Optimization of Flow Control Device for Eight-strand Billet Tundish

Taking the eight-strand billet tundish of a steel mill as the research object, the physical and numerical simulation methods were used to evaluate the problem of steel flow in the tundish under the original flow control scheme based on parameters such as flow field, temperature field, and residence time distribution. The influence of the number, aperture, position, and inclination angle of diversion holes in the retaining wall on the flow characteristics of steel in the tundish was analyzed to optimize the flow control device in the tundish.The results show that under the original flow control scheme, there are problems with a large dead zone volume, poor consistency among different flows, and uneven temperature field in the ladle molten steel.
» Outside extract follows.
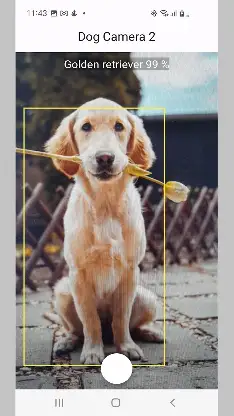 Dog Camera 2 screenshot 1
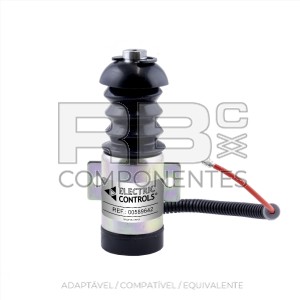 SOLENOIDE ADAPTAVEL SUBSTITUIÇÃO  DTZ 0423-4373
The optimized flow control plan is to reduce the aperture of two diversion holes on the side wall of the retaining wall and increase their position, and to add small diversion holes with a deviation angle (43°) and an elevation angle (15°) on the middle wall.The flow field and temperature field in the tundish of the optimized scheme are significantly improved, with the dead zone volume ratio reduced from 19.04% in the prototype scheme to 7.06%. The volume ratio of piston flow and fully mixed flow has increased, and the consistency of the stagnation time, actual average residence time, and peak time of each strand is increased to over 80%, resulting in a significant improvement in the consistency among each strand. For the optimized scheme, the maximum temperature difference of the tundish is 16.004 K, which is 2.182 K lower than the prototype scheme, and the maximum temperature difference of liquid steel at the outlet of each strand is 0.616 K, which is a decrease of 0.944 K compared to the original plan, and the temperature field of the entire tundish is more uniform.